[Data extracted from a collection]

------------------------

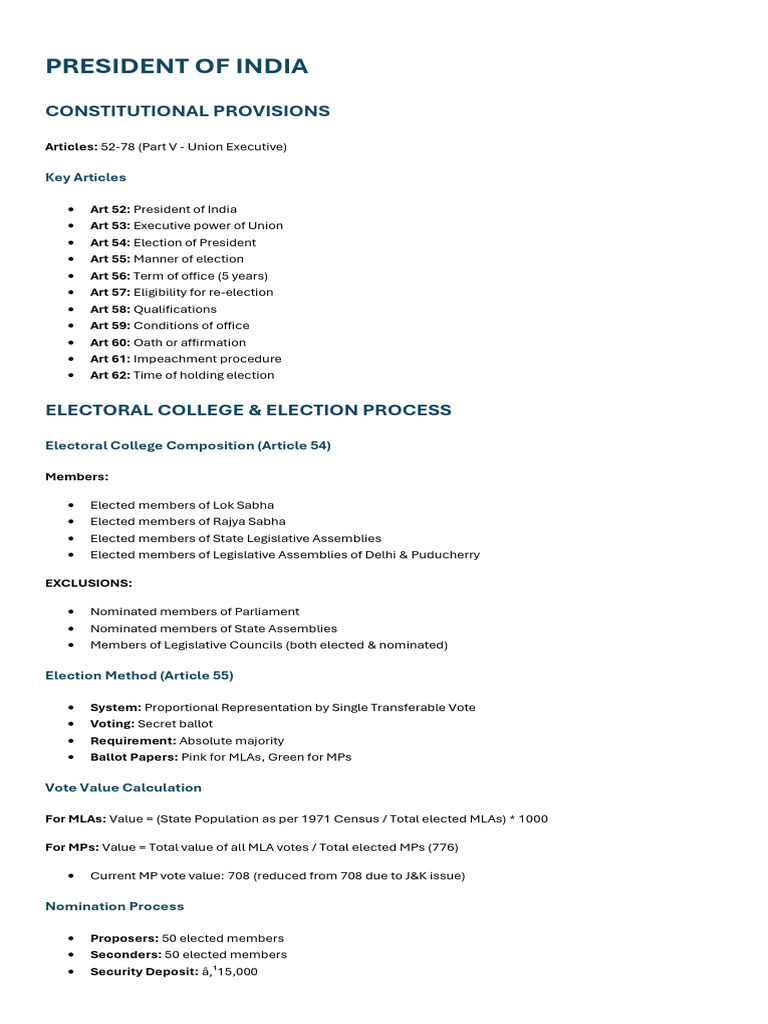President of India: Constitutional Overview | PDF | Pardon | Political Law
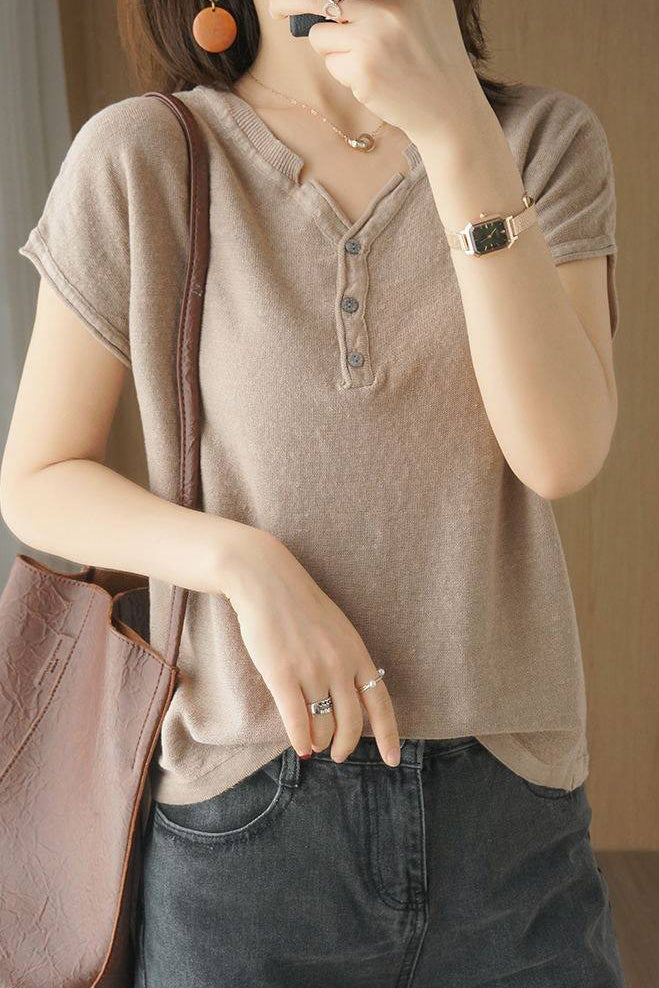 Casual Half-Placket Button V-Neck Knitted Top - liwisi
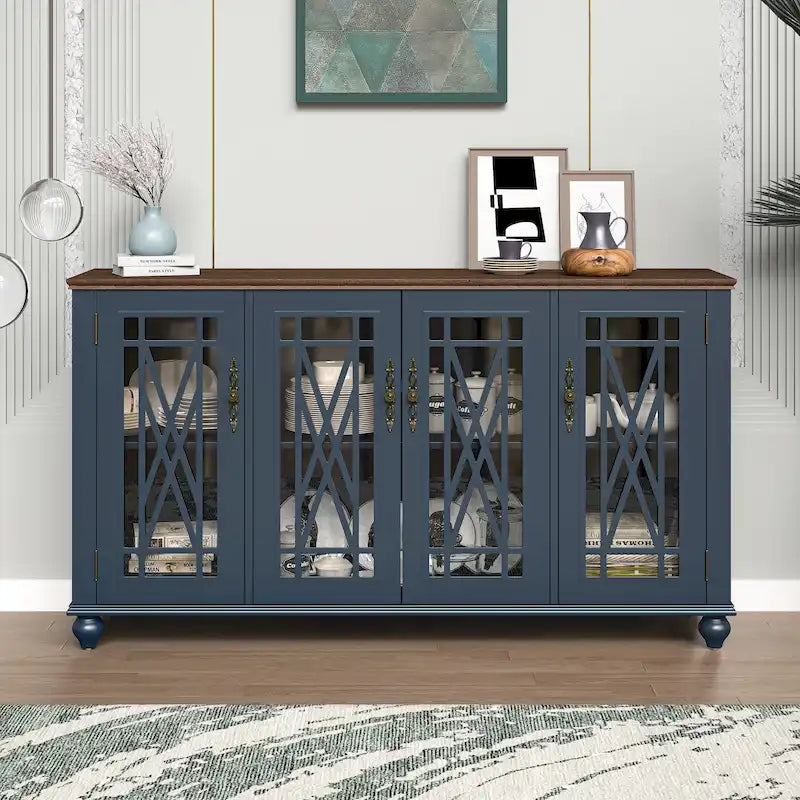 Küchenbuffet im Vintage-Stil aus Holz, Sideboard-Schrank, 63 Inch breit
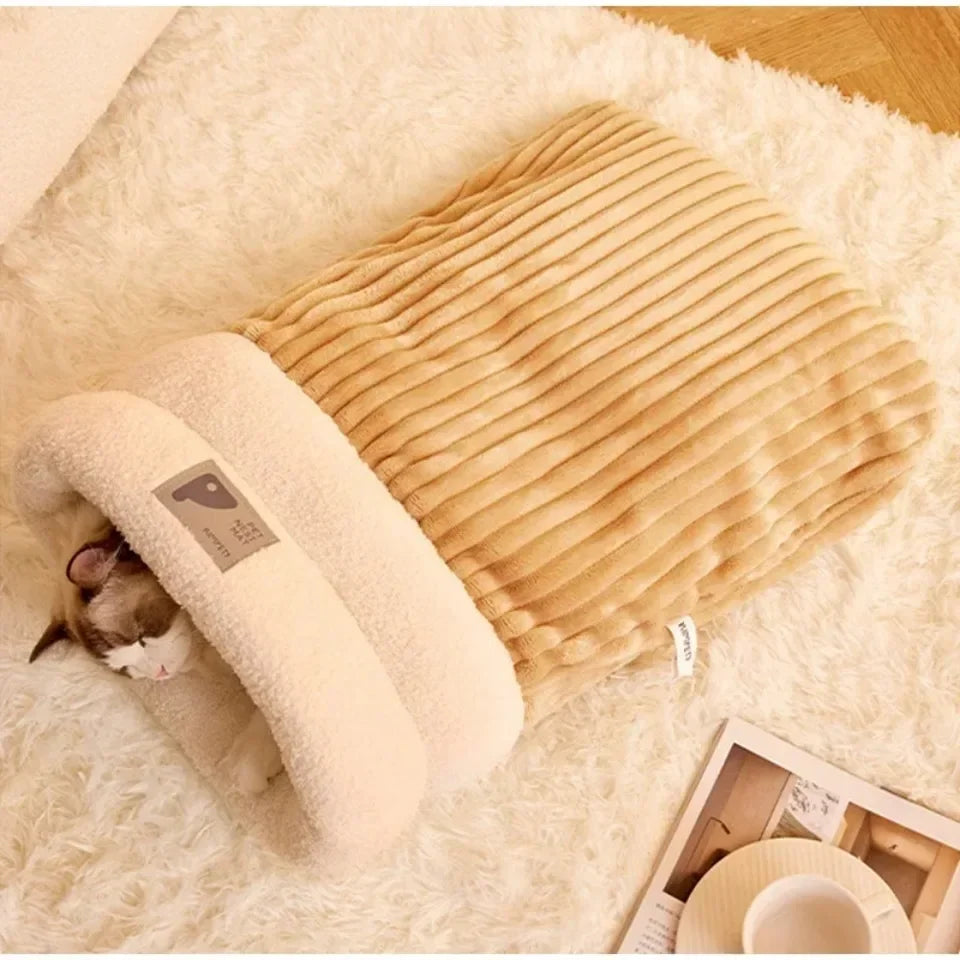 Pet Sleeping Bag Sleeping Bag Comfortable Supple Kitty and Puppy House Winter Warm Soft Plush Semi Enclosed Windproof Cat Nest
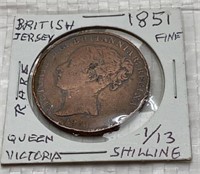 1851 British Jersey coin 1 1/3 shilling fine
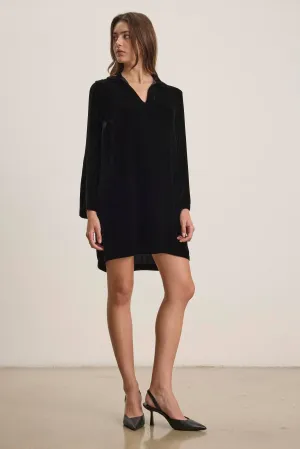 SHERI SILK VELVET DRESS Flattering Shape Design Feather Light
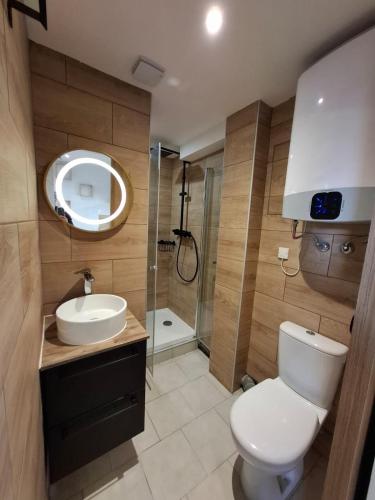 une salle de bain avec toilettes, lavabo et douche dans l'établissement Calme et accueillant studio, à Beauvais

------------------------

◆ **Your task**
The records above must be printed exactly; the pictures stay out.

◆ **Exercise response**
President of India: Constitutional Overview | PDF | Pardon | Political Law
 Casual Half-Placket Button V-Neck Knitted Top - liwisi
 Küchenbuffet im Vintage-Stil aus Holz, Sideboard-Schrank, 63 Inch breit
 Pet Sleeping Bag Sleeping Bag Comfortable Supple Kitty and Puppy House Winter Warm Soft Plush Semi Enclosed Windproof Cat Nest
 1851 British Jersey coin 1 1/3 shilling fine
 SHERI SILK VELVET DRESS Flattering Shape Design Feather Light
 une salle de bain avec toilettes, lavabo et douche dans l'établissement Calme et accueillant studio, à Beauvais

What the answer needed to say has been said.